Task instructions:
The material below has pictures in it. Set down only the lines from the line containing "Red Heeler Starry" through the line containing "72572735 Heiligenhafen Ostseebad", word for word, and leave the pictures behind.

Given entries:
◆ ◆ ◆

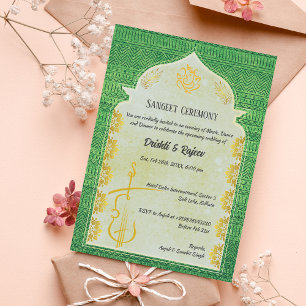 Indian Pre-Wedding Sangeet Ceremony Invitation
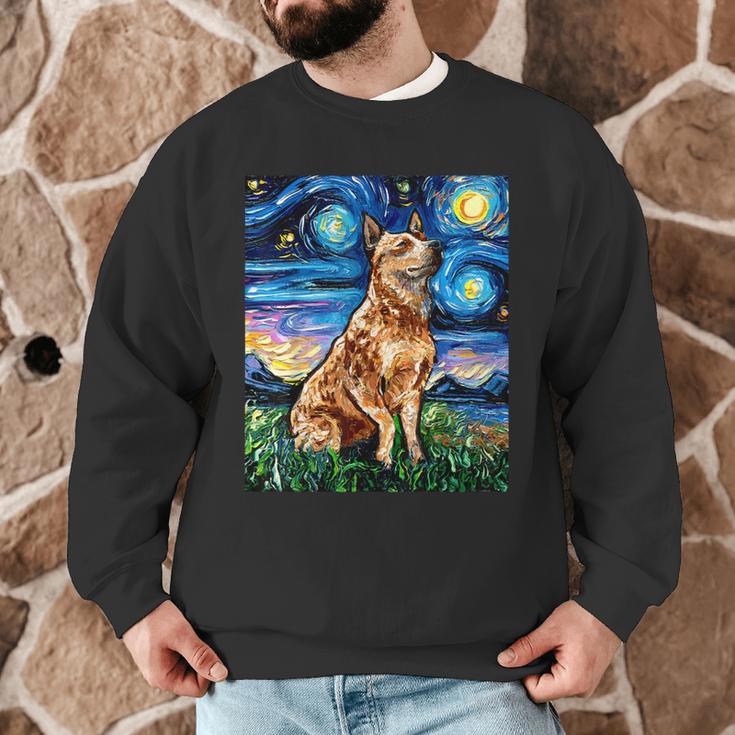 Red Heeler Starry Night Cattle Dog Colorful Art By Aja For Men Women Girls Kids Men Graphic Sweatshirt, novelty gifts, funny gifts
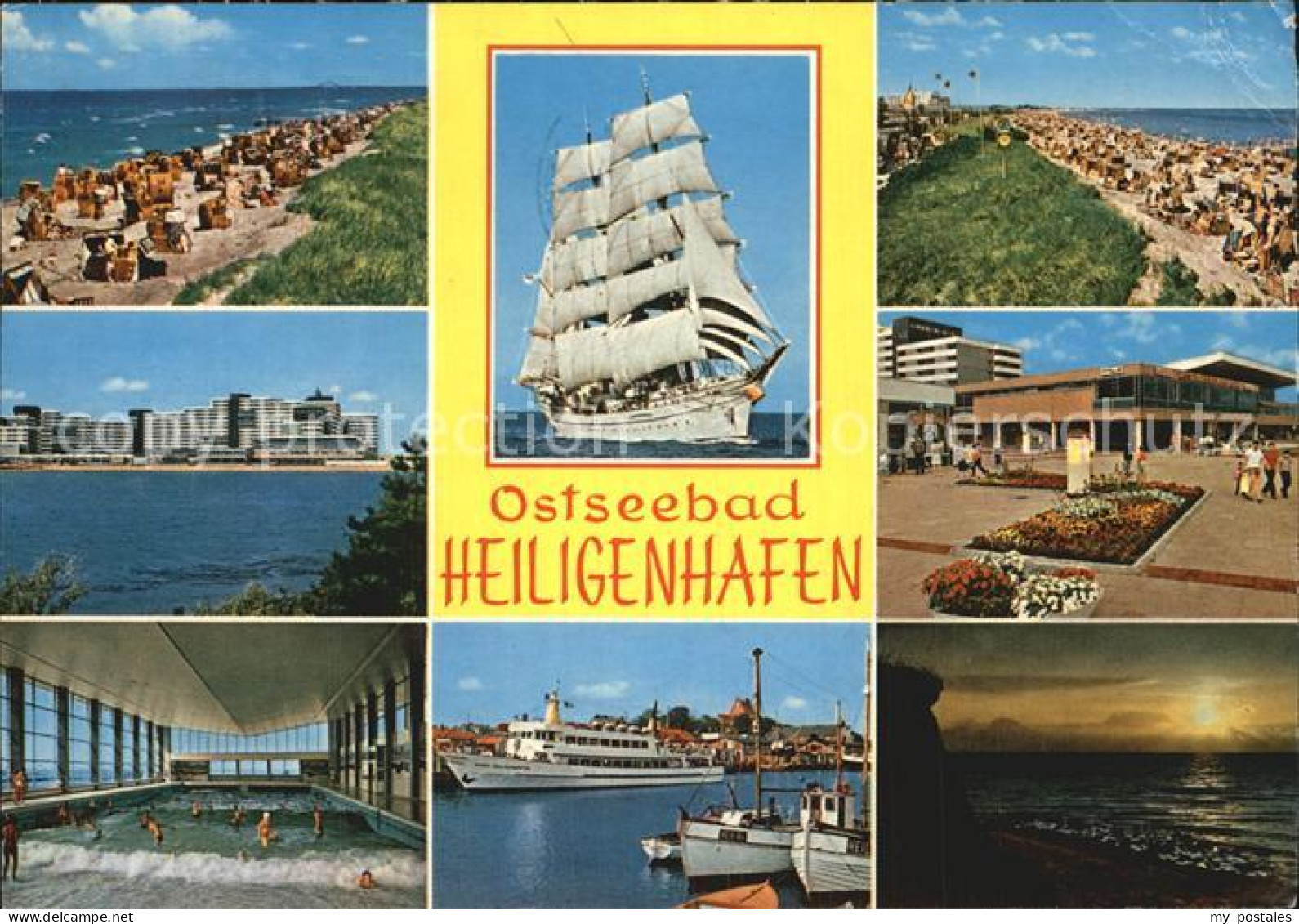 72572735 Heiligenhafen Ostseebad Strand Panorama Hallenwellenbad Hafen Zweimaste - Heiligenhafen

◆ ◆ ◆

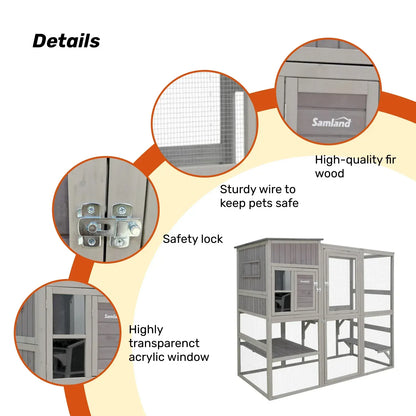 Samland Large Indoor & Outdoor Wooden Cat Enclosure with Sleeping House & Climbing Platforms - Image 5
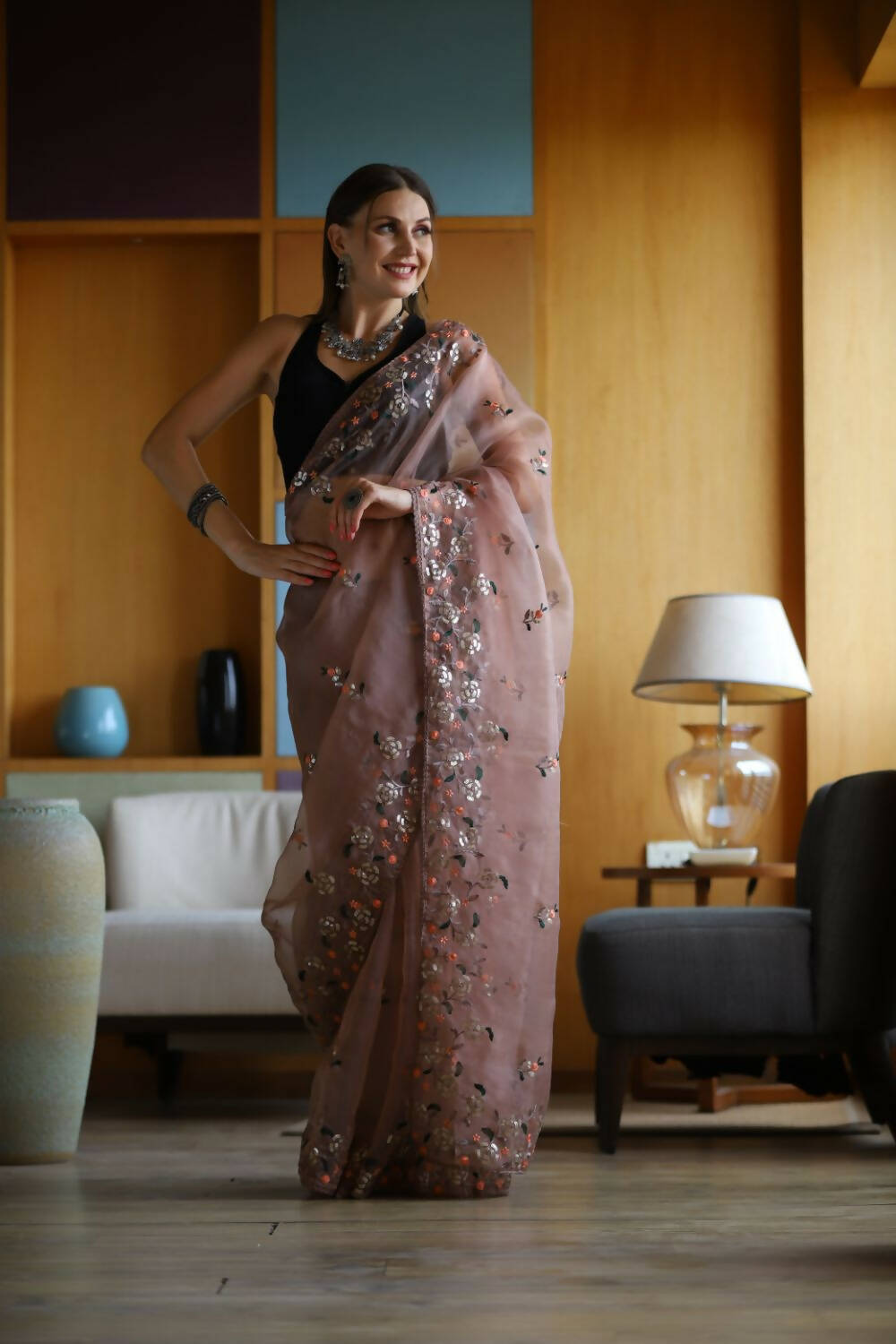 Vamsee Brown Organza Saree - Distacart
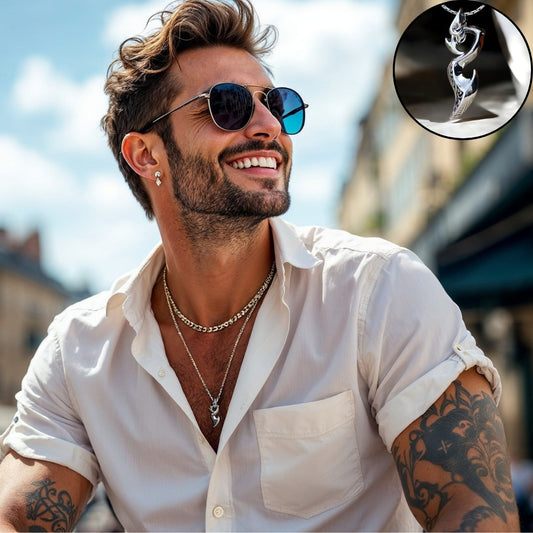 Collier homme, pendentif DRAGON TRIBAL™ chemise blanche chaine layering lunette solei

◆ ◆ ◆

Problem solution:
 Red Heeler Starry Night Cattle Dog Colorful Art By Aja For Men Women Girls Kids Men Graphic Sweatshirt, novelty gifts, funny gifts
 72572735 Heiligenhafen Ostseebad Strand Panorama Hallenwellenbad Hafen Zweimaste - Heiligenhafen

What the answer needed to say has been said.